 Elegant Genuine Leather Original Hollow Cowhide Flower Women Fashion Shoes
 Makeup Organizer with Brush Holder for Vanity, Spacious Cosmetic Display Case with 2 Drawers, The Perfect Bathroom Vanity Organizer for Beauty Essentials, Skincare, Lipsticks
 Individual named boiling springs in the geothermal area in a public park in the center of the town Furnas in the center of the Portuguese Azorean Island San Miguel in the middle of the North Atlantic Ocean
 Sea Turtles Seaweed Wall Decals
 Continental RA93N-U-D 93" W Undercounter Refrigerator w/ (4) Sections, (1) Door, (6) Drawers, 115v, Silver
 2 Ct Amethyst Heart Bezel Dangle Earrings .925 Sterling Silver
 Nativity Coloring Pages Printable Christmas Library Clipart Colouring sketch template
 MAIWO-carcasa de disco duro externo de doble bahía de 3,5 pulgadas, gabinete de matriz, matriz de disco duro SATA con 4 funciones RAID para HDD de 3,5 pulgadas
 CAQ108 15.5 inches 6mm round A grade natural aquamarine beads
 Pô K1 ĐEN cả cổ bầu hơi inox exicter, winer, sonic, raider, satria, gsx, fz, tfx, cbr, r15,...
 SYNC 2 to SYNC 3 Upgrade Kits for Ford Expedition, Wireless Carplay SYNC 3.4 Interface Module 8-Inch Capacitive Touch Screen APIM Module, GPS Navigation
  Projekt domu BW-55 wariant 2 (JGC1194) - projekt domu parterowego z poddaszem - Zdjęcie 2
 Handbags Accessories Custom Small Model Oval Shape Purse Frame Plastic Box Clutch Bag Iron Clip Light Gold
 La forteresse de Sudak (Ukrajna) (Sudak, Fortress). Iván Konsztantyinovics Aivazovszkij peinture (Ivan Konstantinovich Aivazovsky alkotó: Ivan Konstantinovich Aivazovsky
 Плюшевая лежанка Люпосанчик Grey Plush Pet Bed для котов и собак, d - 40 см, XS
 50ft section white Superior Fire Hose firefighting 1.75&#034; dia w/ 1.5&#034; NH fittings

*Exercise instructions*. All of the entries are to be set down again without alteration.

*Response area*.
 Elegant Genuine Leather Original Hollow Cowhide Flower Women Fashion Shoes
 Makeup Organizer with Brush Holder for Vanity, Spacious Cosmetic Display Case with 2 Drawers, The Perfect Bathroom Vanity Organizer for Beauty Essentials, Skincare, Lipsticks
 Individual named boiling springs in the geothermal area in a public park in the center of the town Furnas in the center of the Portuguese Azorean Island San Miguel in the middle of the North Atlantic Ocean
 Sea Turtles Seaweed Wall Decals
 Continental RA93N-U-D 93" W Undercounter Refrigerator w/ (4) Sections, (1) Door, (6) Drawers, 115v, Silver
 2 Ct Amethyst Heart Bezel Dangle Earrings .925 Sterling Silver
 Nativity Coloring Pages Printable Christmas Library Clipart Colouring sketch template
 MAIWO-carcasa de disco duro externo de doble bahía de 3,5 pulgadas, gabinete de matriz, matriz de disco duro SATA con 4 funciones RAID para HDD de 3,5 pulgadas
 CAQ108 15.5 inches 6mm round A grade natural aquamarine beads
 Pô K1 ĐEN cả cổ bầu hơi inox exicter, winer, sonic, raider, satria, gsx, fz, tfx, cbr, r15,...
 SYNC 2 to SYNC 3 Upgrade Kits for Ford Expedition, Wireless Carplay SYNC 3.4 Interface Module 8-Inch Capacitive Touch Screen APIM Module, GPS Navigation
  Projekt domu BW-55 wariant 2 (JGC1194) - projekt domu parterowego z poddaszem - Zdjęcie 2
 Handbags Accessories Custom Small Model Oval Shape Purse Frame Plastic Box Clutch Bag Iron Clip Light Gold
 La forteresse de Sudak (Ukrajna) (Sudak, Fortress). Iván Konsztantyinovics Aivazovszkij peinture (Ivan Konstantinovich Aivazovsky alkotó: Ivan Konstantinovich Aivazovsky
 Плюшевая лежанка Люпосанчик Grey Plush Pet Bed для котов и собак, d - 40 см, XS
 50ft section white Superior Fire Hose firefighting 1.75&#034; dia w/ 1.5&#034; NH fittings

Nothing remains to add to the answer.